@texel/yyz-core
The agnostic engine behind yyz — zero runtime dependencies, plain modern ESM JavaScript (types via JSDoc‑generated .d.ts).
It owns the sketch lifecycle, the timeline/sizing/filename/params math, and the Host / Surface / Sink seams. It never touches window / document / Deno / node: — every platform interaction is injected.
Entries
@texel/yyz-core — createSketch(module, host, runtime?), the pure helpers (createTimeline, computeSize, resolveFilename, convertDistance, resolveParams, logParams, resolveEncoder, …), the seam types, the headless default Host, and create2dSurface / webgpuSurface (shared by every platform).
@texel/yyz-core/web — the browser Host (rAF, devicePixelRatio, viewport fit, keyboard shortcuts, download sink) plus the browser 2d/webgpu surface resolver.
Authoring a sketch
A sketch module exports a sketch factory and (optionally) a settings object:
export const settings = { dimensions: [1080, 1080], animate: true, duration: 4 };
export function sketch(props) {
return ({ context, width, height, playhead }) => {
context.fillStyle = "#111";
context.fillRect(0, 0, width, height);
context.fillStyle = "#e54";
context.beginPath();
context.arc(
width / 2,
height / 2,
width * 0.2 * (1 + Math.sin(playhead * 2 * Math.PI)),
0,
Math.PI * 2,
);
context.fill();
};
}
The factory may return a render function, a hooks object ({ tick, render, resize, begin, end, export, teardown }), or nothing (a static one‑shot). tick advances state once per frame; render draws (and may run more than once per frame — resize, export, multi‑resolution).

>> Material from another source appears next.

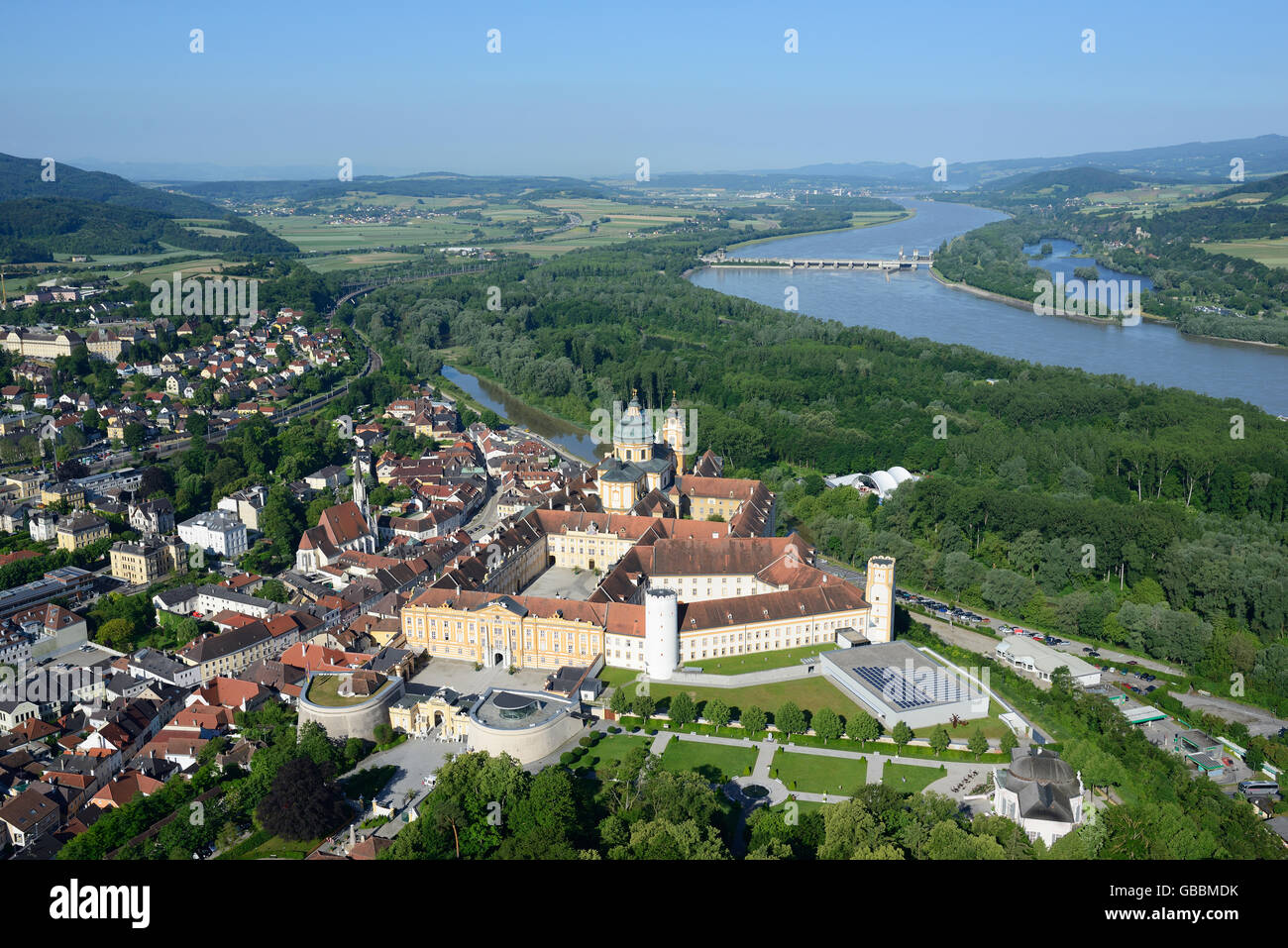 AERIAL VIEW. Melk Abbey overlooking the Danube River. Melk, Lower Austria, Austria. Stock Photo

Render is sync by default; return a Promise to opt into async/incremental rendering (props.progress() for sub‑progress, props.raf() to yield portably, props.signal to cancel).
The usual entry is the CLI. To run standalone (no CLI), wire the host yourself:
import { createSketch } from "@texel/yyz-core";
import { browserHost } from "@texel/yyz-core/web";
import * as mod from "./sketch.js";
const m = await createSketch(mod, browserHost(document.body));
Surfaces & export
settings.surface: "2d" (default) · "webgpu" · "svg" (a presented SVG surface — the browser host mounts a live <svg> as props.svg and mirrors returned markup on screen; degrades to data‑only off the DOM, e.g. Deno) · "none" / false (data‑only, e.g. SVG/JSON/gcode) · or a custom resolver. Exports are return‑value driven: return nothing for the default image, or { data, ext } (one or many) for arbitrary files.

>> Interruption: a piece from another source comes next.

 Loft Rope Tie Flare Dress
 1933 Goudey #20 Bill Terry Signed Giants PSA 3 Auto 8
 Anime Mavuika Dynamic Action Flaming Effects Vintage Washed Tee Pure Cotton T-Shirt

A presenting surface may expose an optional present(result) seam: the engine calls it after each render with the latest return value so the surface can display it (the "svg" surface uses this for its text mode). It's display‑only and never affects export.
The Sink seam is a streaming frame consumer (begin → write → end): a per‑frame file sequence, or an encoder that finalizes one file (GIF via gifenc, mp4/webm via ffmpeg or WebCodecs). resolveEncoder(format, encoder, capabilities) picks the right one per environment, so --format=mp4 targets ffmpeg on the CLI and WebCodecs in the browser.
Status: v0 — canvas2d + webgpu + data surfaces all work; webgl is a possible future surface.